为了能适应强化学习的训练, 我们对数据预处理部分进行相关的修改:

将network feature看成state;
将label value看成action;

整个的获取mini-batches的过程如下, 这个是对应DQN, DDQN和actor-critic算法. Policy gradient会有所不同. 这一篇我们暂时只讲DDQN算法.

A mini-batch will be a subset of samples drawn at random from the dataset. (一个mini-batch是对整个dataset的随机抽样)
Each training pass is done with a different mini-batch that is updated by random sampling from the dataset.
In this case, a mini-batch is formed by n+1 random samples of the dataset.
Each training iteration of the algorithm will process all the samples of a mini-batch, and for each iteration a new mini-batch is built following the process shown in the above figure.
The model was trained for 10 epochs, where an epoch is a number of iterations enough to cover the complete dataset. (我们简单概括一下就是, 每一个iteration算法会处理一个mini-batch, 每一个iteration都会生成一个新的mini-batch. 一个epoch是由多个iteration组成的, 且一个epoch会整个dataset里的数据都过一遍. 对应到RL中, 一次iteration相当于是一次模拟, 最后是done, 一个epoch是进行了都次的模拟.)

模型细节介绍

在原文中使用了4中强化学习的模型, 并对这四种模型进行了一一介绍. 我们这里就先着重介绍DDQN和A2C的部分. 其中DDQN也是在实验中获得最好效果的模型. 可以学习一下这里是如何描述模型的, 把数据在模型中的流向绘制的非常清楚.

首先模型DDQN的总体结构如下所示.

对于上面的结构, 我们进行详细的说明:

简单描述一下上面结构的流程, 首先根据data, Q current function返回状态s下不同action的Q值, 再在Policy中根据Q值选择此时的最好的action. 于是此时有了Q(s,a). 同样, 我们对于状态s+1也是计算不同action的Q值, 计算出Q(s+1, a+1), 接着计算loss. (描述的有点简单, 这个就是和DDQN完全一样的, 结合DDQN算法看就能看懂)
A neural network (NN) is used as a function approximator for the Q Target and Q Current function. We have used a simple NN of 3-layers, with ReLU activation for all layers, including the last one to ensure a positive Q-value. (说明Q function使用的网络结构)
关于reward函数的介绍, The reward is a 1/0 reward associated, respectively, to a correct/incorrect prediction. 当我们预测的action和实际的label相同reward就是1, 预测错误reward就是0.
这里介绍关于discount factor的选择, 在这里我们要将discout factor设置的比较小. The best performance was obtained by applying a small value for the discount factor (λ). Small values of λ give more importance to learning the current reward, regardless of the succession of future rewards. This makes sense, considering that (1) the next state is uncorrelated with the present state, and (2) we are actually implementing a classifier disguised as a DRL algorithm, being the real goal to make a correct prediction for the current state (current reward).
最后当模型训练结束之后, 我们可以使用Q function来进行预测. 输入一个state, 选择返回Q值大的那个action, 也就是最后的预测结果. For a particular state, the Q function will provide a Q-value for each of the possible actions for that state. The predicted action is the one that maximizes the Q-value (no ε-greedy applied for prediction).
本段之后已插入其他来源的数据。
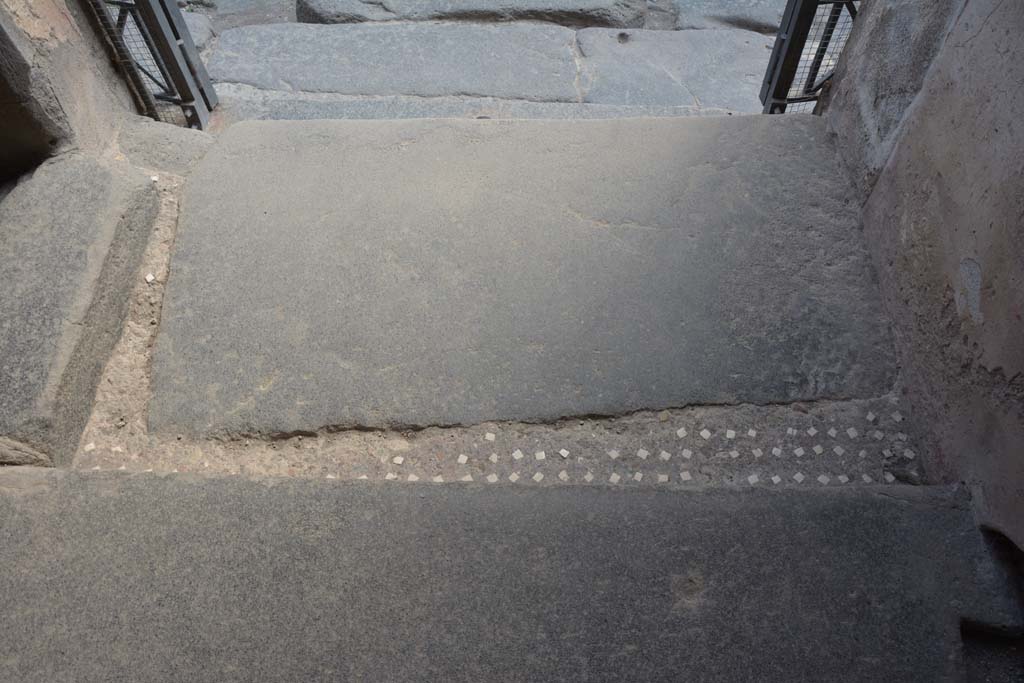 VI.15.1 Pompeii. July 2017. Detail of doorway threshold.
Foto Annette Haug, ERC Grant 681269 DÉCOR.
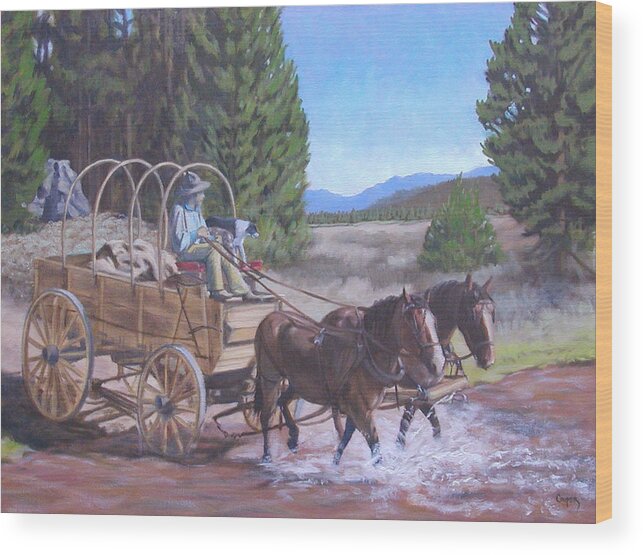 Oil. Painting Wood Print featuring the painting Supply Wagon by Todd Cooper
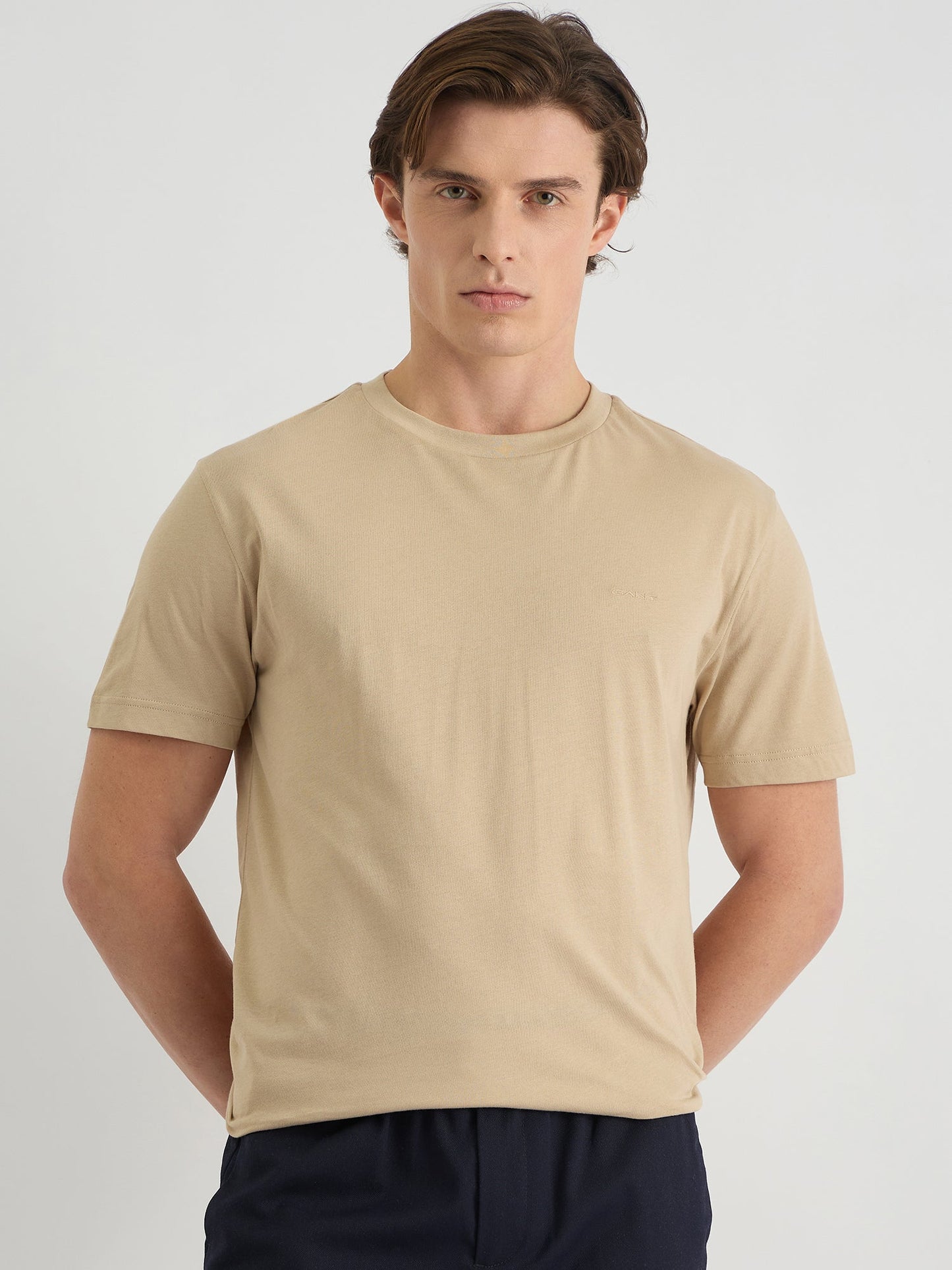 Gant Men Beige Regular Fit Solid Crew Neck Tshirt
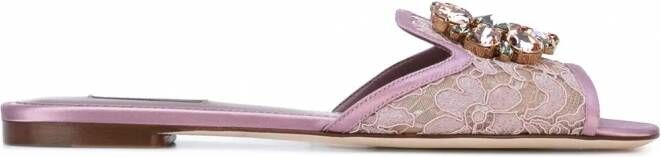 Dolce & Gabbana Bianca lace slippers Roze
下面是模型Actor-Critic模型的介绍, 下面是总体的结构图, 具体的训练细节就是和Actor-Critic是一样的.

这里需要说明一下, 在预测的时候, 我们就选择概率最大的action即可, 不需要进行sampling. (For prediction, in a similar way to the policy gradient model, we use the NN that implements the policy function, simply by selecting the action with the highest probability (without sampling).)

结果介绍

实验结果介绍部分是按数据集进行划分, 每个里面有三类实验:

NSL-KDD数据集
- 强化学习模型与其他模型的比较;
- 强化学习模型中取不同的discount factor对结果的影响;
- 强化学习模型与其他模型在训练时间上的比较;
AWID数据集
- 强化学习模型与其他模型的比较;
- 强化学习模型中取不同的discount factor对结果的影响;
- 强化学习模型与其他模型在训练时间上的比较;

首先是对NSL-KDD数据集, 强化学习模型与其他模型的比较(这个图片比较大, 原图可以查看原始论文). 其中关于传统模型的结果来自Lopez-Martin et al. (2019). (The main results for alternative ML models have been obtained from Lopez-Martin et al. (2019) where the NSL-KDD dataset was applied to several ML models in order to score them.)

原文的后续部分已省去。